PROBLEM REQUIREMENTS
Each of the entries should be output exactly, with nothing left out.

DATASET CONTENT
###

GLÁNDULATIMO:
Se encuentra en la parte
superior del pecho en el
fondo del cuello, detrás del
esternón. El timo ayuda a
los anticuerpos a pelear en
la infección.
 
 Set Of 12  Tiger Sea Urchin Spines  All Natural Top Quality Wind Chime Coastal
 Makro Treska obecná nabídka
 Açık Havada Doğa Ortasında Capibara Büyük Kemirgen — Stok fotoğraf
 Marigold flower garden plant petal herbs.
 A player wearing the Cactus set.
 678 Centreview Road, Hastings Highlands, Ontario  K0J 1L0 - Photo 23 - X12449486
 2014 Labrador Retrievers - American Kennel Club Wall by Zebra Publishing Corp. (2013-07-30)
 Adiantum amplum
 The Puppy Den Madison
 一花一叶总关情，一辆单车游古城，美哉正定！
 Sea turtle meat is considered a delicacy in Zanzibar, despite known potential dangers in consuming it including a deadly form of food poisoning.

###

RESULT
GLÁNDULATIMO:
Se encuentra en la parte
superior del pecho en el
fondo del cuello, detrás del
esternón. El timo ayuda a
los anticuerpos a pelear en
la infección.
 
 Set Of 12  Tiger Sea Urchin Spines  All Natural Top Quality Wind Chime Coastal
 Makro Treska obecná nabídka
 Açık Havada Doğa Ortasında Capibara Büyük Kemirgen — Stok fotoğraf
 Marigold flower garden plant petal herbs.
 A player wearing the Cactus set.
 678 Centreview Road, Hastings Highlands, Ontario  K0J 1L0 - Photo 23 - X12449486
 2014 Labrador Retrievers - American Kennel Club Wall by Zebra Publishing Corp. (2013-07-30)
 Adiantum amplum
 The Puppy Den Madison
 一花一叶总关情，一辆单车游古城，美哉正定！
 Sea turtle meat is considered a delicacy in Zanzibar, despite known potential dangers in consuming it including a deadly form of food poisoning.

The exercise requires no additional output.